*** Opening PROVIDED RECORDS ***

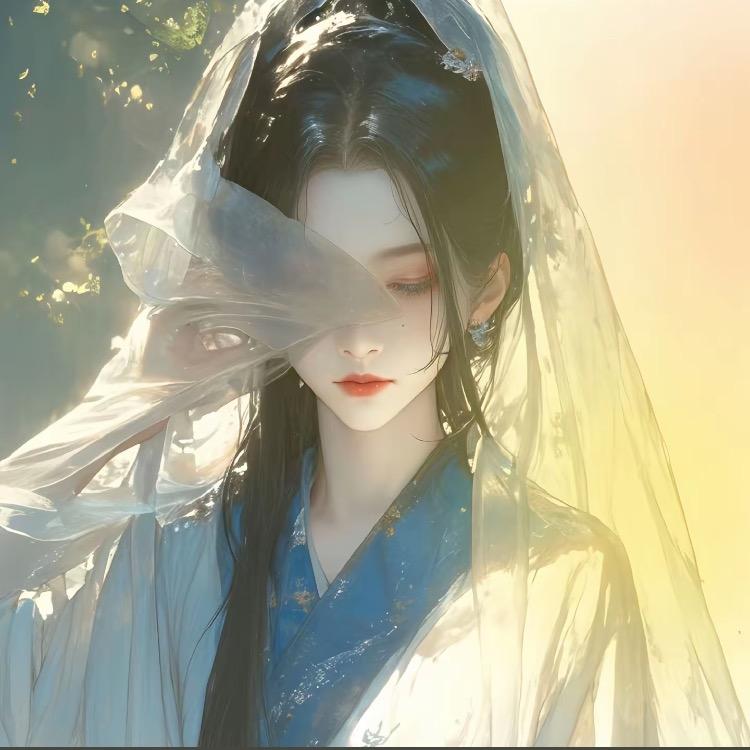 小慧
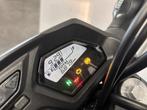 Honda CB 650 F ABS (bj 2016), Motoren, Motoren | Honda, HONDA, 4 cilinders, Bedrijf, Onbekend
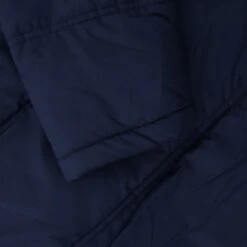 Men's Galaxy Hooded Sub Coat Marine -Sport Style Shop gala 201 0 gen mexxxx adlt p4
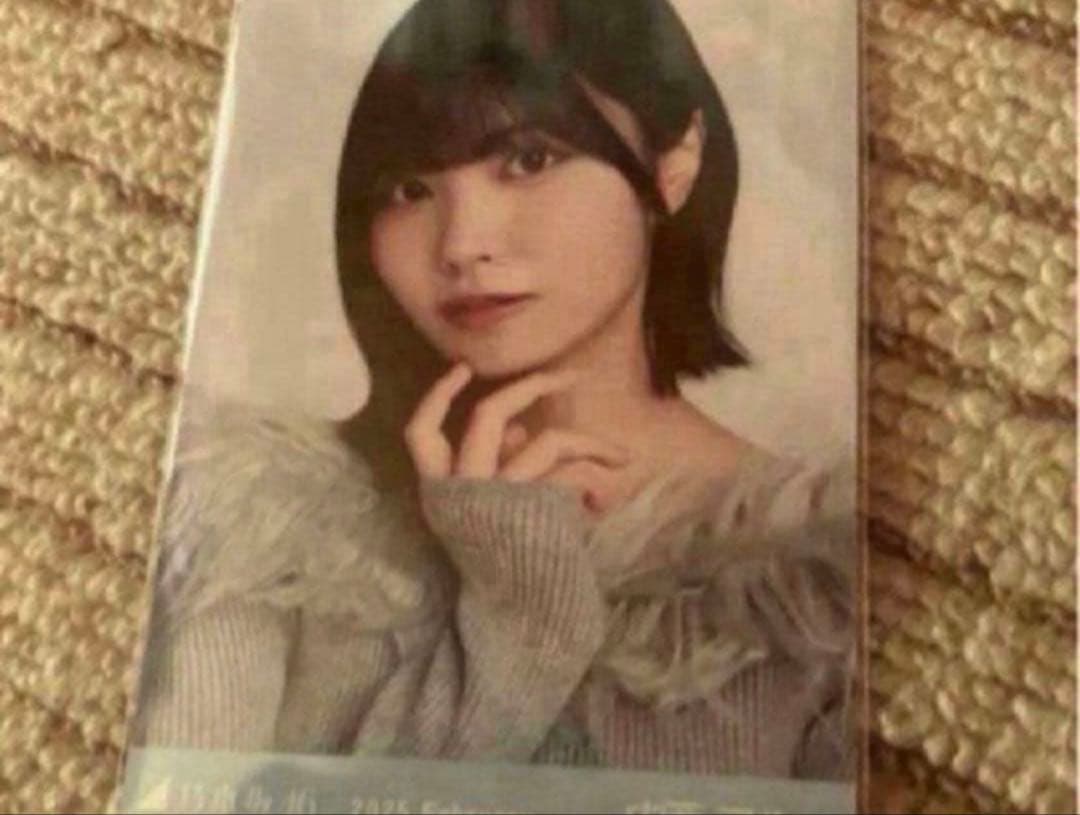 乃木坂46 乃木フェス 直筆サイン入りチェキ 伊藤理々杏④ - メルカリ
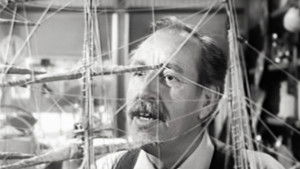 Episode #2.107 (pp-221)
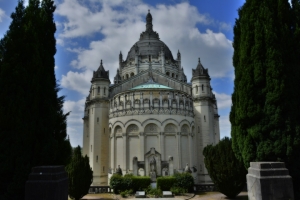 Nazwa pliku=01_basilique_sainte-therese_lisieux.jpg
Wielkość pliku=247KiB
Rozmiar=780x520
Data dodania= 25, Kwiecień 2017 01_basilique_sainte-therese_lisieux.jpg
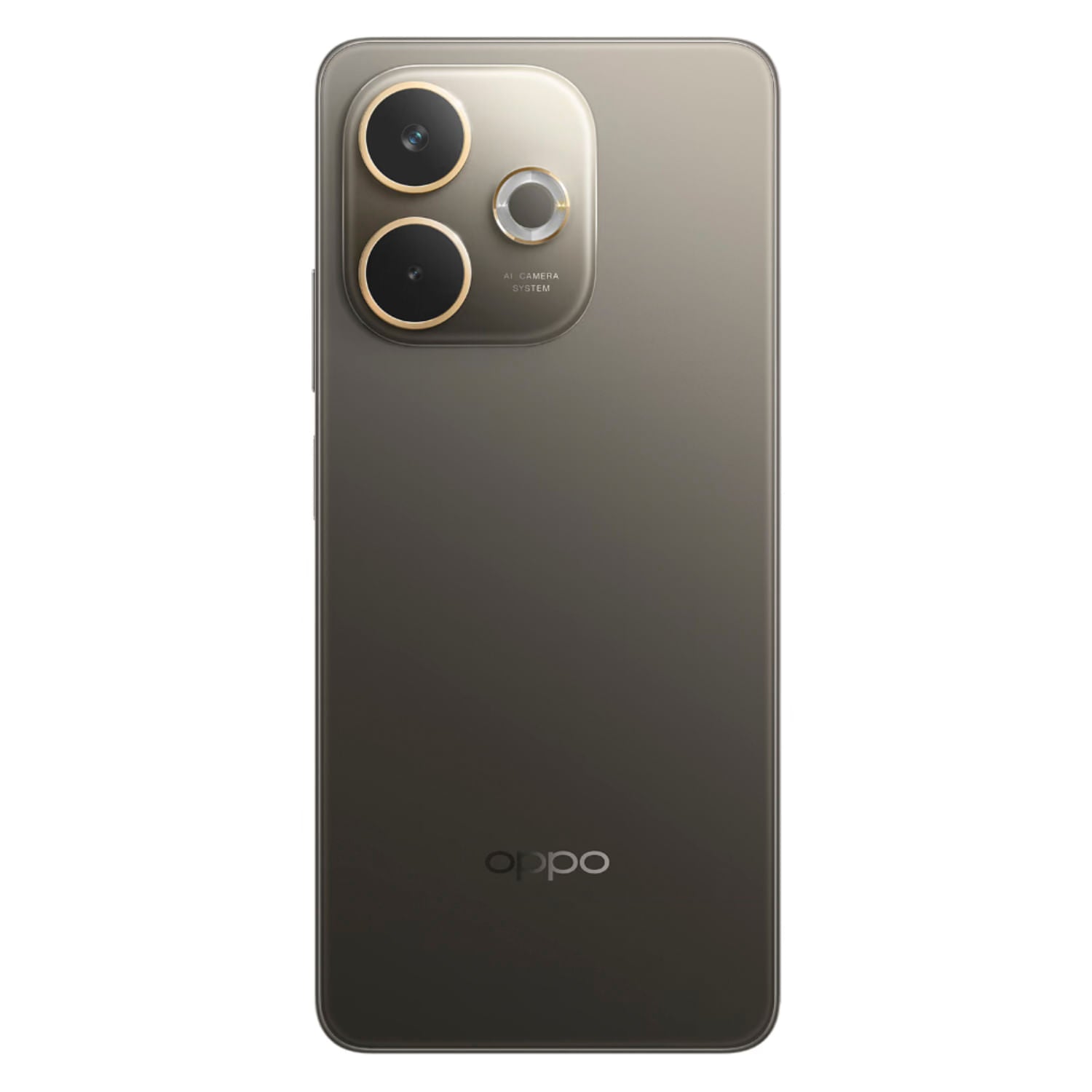 https://doto.vteximg.com.br/arquivos/ids/368844/Oppo-A5-Pro-Cafe_3.jpg?v=638941486526870000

*** Closing PROVIDED RECORDS ***

- DIRECTIONS:
Beginning with the line that contains "Episode #2.107 (pp-221)" and ending with the final line of the material, reproduce those lines exactly and nothing else. Omit the pictures.

- SOLUTION FOR THIS EXERCISE:
 Episode #2.107 (pp-221)
 Nazwa pliku=01_basilique_sainte-therese_lisieux.jpg
Wielkość pliku=247KiB
Rozmiar=780x520
Data dodania= 25, Kwiecień 2017 01_basilique_sainte-therese_lisieux.jpg
 https://doto.vteximg.com.br/arquivos/ids/368844/Oppo-A5-Pro-Cafe_3.jpg?v=638941486526870000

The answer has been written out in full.